漁場〜塩たらこ加工編
十一月から一月末にかけて、お腹にたっぷり卵をもったスケソウダラが北海道近海に押し寄せてきます。それを縄と針で釣り上げる「はえなわ漁」は、北海道でも限られた場所でしかおこなわれていない、数少ない漁法です。
水揚げされたスケソウダラを見ると、ピチピチしていて色つやも目の透明感も新鮮そのもの。当然、そのお腹から取り出される卵は、一粒一粒が小さくて皮が薄く、それでいて粒がしっかりしています。そのなかでも、ほどよく熟した真子と呼ばれる卵は、高級食材として関東や京都の料亭などで食されているものです。未熟なものや熟しきったものに比べると、口あたりも味も格段によく、希少ではありますが、椒房庵はそんな真子にこだわります。

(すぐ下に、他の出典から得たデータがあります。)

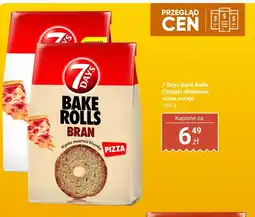Biedronka Chrupki 7 Days Bake Rolls chlebowe różne rodzaje oferta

魚は死んでも卵はまだ生きているので、そのままにしておくと卵が悪い栄養分を吸ってしまい、品質が落ちてしまいます。いかに早く卵を取り出すかが、卵のうまみを左右します。
手早く取り出し、良質の真子(ほどよく熟した原卵)だけを、鮮度を保ちつつ凍らせないように卵の上に氷を置いて、その日のうちに塩漬け工場へ。北海道の外気は零下ですので、すぐに凍ってしまいます。凍ってしまった卵は使えません。そのために氷を入れて逆に温度を保つのです。また運搬中に卵と卵が擦れ合うことで摩擦熱が出て、卵が痛むこともあります。その摩擦熱を防ぐためにも氷を入れているのです。
卵は塩水を吸いこんだり吐き出したりしますので、水切りを行うために塩水から上げるときには、潮を吐き出したときを狙って取り上げます。それがちょうどいい塩分だからと椒房庵は考えるからです。塩たらこの状態では、ほとんど味付けには手を加えません。自然の卵の味を生かすためと、後で椒房庵独自の味をいれ込む為です。